— Work order —
Among the lines below, restate word for word only those from the line with "a bike parked" through the line with "Postel nebo postele", with both end lines kept.

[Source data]
★ ★ ★
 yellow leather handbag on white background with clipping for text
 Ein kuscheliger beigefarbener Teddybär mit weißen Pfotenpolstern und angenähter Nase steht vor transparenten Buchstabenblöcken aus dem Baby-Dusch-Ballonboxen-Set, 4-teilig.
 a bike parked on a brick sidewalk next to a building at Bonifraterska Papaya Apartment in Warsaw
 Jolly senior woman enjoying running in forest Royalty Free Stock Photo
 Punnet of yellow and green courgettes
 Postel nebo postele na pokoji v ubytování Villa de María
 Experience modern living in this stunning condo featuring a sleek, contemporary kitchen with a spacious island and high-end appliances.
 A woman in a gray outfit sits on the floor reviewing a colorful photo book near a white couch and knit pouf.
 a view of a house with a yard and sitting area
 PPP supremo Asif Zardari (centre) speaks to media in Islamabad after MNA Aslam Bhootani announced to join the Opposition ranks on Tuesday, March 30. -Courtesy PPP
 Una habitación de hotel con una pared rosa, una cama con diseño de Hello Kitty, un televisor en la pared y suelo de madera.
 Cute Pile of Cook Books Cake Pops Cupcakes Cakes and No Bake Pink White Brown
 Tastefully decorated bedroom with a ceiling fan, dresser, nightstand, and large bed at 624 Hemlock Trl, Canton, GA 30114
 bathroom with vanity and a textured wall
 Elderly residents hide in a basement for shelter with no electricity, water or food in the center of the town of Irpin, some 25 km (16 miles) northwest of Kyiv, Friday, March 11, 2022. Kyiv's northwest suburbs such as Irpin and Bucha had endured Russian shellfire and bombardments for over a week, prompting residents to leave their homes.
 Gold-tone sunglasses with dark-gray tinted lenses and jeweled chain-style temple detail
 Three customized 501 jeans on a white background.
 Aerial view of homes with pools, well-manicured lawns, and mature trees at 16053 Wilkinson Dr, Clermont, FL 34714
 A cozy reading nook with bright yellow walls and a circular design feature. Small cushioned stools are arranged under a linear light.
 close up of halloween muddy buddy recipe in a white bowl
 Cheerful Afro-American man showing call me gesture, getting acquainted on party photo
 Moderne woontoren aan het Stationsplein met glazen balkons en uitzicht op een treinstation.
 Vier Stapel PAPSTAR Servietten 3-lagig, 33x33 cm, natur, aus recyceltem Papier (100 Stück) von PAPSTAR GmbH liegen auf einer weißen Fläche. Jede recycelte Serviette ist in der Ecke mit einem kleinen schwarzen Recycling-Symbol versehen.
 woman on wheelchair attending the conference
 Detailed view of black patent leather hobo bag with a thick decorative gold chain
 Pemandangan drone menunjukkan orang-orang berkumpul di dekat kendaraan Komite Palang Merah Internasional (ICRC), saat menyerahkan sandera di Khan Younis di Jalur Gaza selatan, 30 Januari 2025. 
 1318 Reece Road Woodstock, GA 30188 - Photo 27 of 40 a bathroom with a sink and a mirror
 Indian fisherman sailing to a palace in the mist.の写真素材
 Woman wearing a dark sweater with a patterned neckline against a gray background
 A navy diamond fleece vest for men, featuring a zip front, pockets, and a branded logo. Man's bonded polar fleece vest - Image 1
★ ★ ★
— Completed task —
 a bike parked on a brick sidewalk next to a building at Bonifraterska Papaya Apartment in Warsaw
 Jolly senior woman enjoying running in forest Royalty Free Stock Photo
 Punnet of yellow and green courgettes
 Postel nebo postele na pokoji v ubytování Villa de María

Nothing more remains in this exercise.